Restoring the glory of ancient Babylon

BABYLON, Iraq - Agence France-Presse

The Ishtar Gate is located at the ancient archaeological site of Babylon, in the southern part of Baghdad. AFP photo

At ancient Babylon’s Ishtar Gate, Iraqi workers labor with a heavy saw, hammers, a chisel and crowbar to break up and remove a concrete slab that is hastening the structure’s decay.

The concrete lies between the two long, towering walls of tan bricks decorated with processions of bulls and dragons that make up the more than 2,500-year-old Ishtar Gate, in what is now Iraq’s Babil province. The masonry slab was laid during the late dictator Saddam Hussein’s rule.

Removing the concrete is deemed essential to preserving the Ishtar Gate at Babylon, which also served as the base for a later gate of the same name, the reassembled remains of which are now located in Germany.

In the 1980s, “there was a large intervention of modern masonry inserted behind the facades” of the Ishtar Gate, in addition to “changes in the terrain behind, and resurfacing of the base of the gate with concrete,” said Jeff Allen, field manager for the Future of Babylon project which is carrying out the work.

All of those factors are accelerating “the rate of damage at the site, and decay, and what we’re doing at Ishtar Gate is trying to arrest or to slow down those mechanisms that are causing the gate to collapse,” Allen said.

Removing the concrete “will allow the ground to breathe and evaporate water, because at the present time... the water cannot escape, so it routes through the easiest direction to get to the surface,” which is through the gate itself, he said.

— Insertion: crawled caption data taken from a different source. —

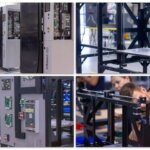 Mehrere Omega I60 3D-Drucker in der Produktionslinie des neuen Werkes von BCN3D, errichtet zur Expansion im Bereich leicht-industrieller Anwendungen.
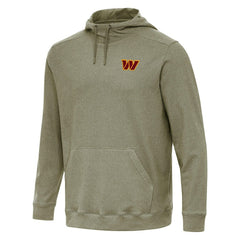 Washington Commanders Antigua Cloud Pullover Hoodie - Olive - NFL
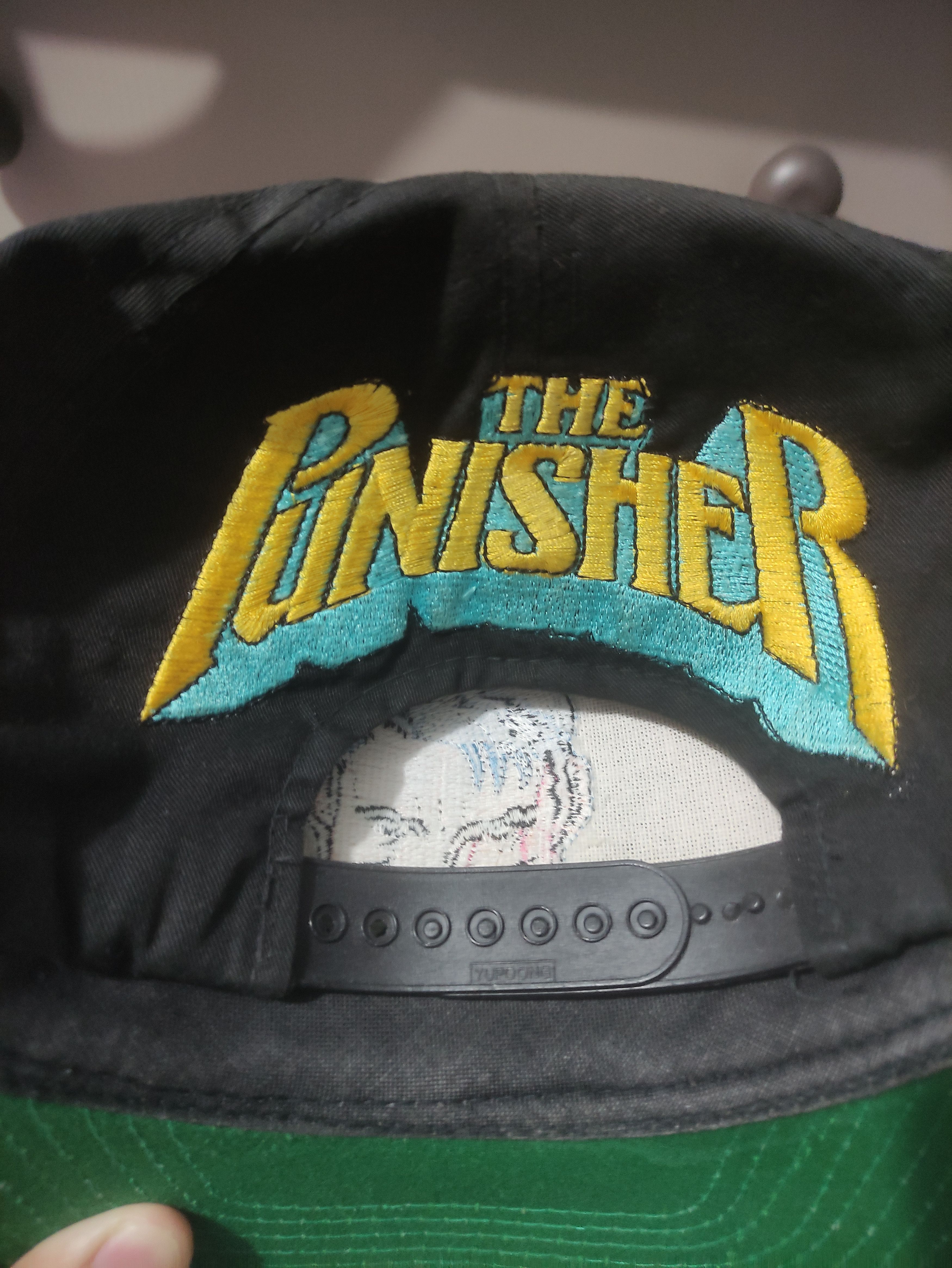 Marvel Comics 90sVintage Punisher Marvel Comics Blockhead American Needle Size ONE SIZE - 3 Thumbnail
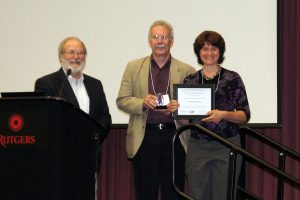 Denise Birmingham Receiving the Public Education Award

The Future of Babylon project is a joint effort between the World Monuments Fund, which works to save key cultural heritage sites, and Iraq’s State Board of Antiquities and Heritage.

History of abuse

Babylon, one of the most famed cities of antiquity and now an important archaeological site, has a long history of damage and abuse. Iraq has unsuccessfully sought to have Babylon admitted to the UNESCO World Heritage List, but plans to try again. “Our work now is to restore Babylon and complete the file of Babylon to include it in the World Heritage List,” said Hussein al-Amari, the top Iraqi antiquities official in Babil province, but this requires large sums of money.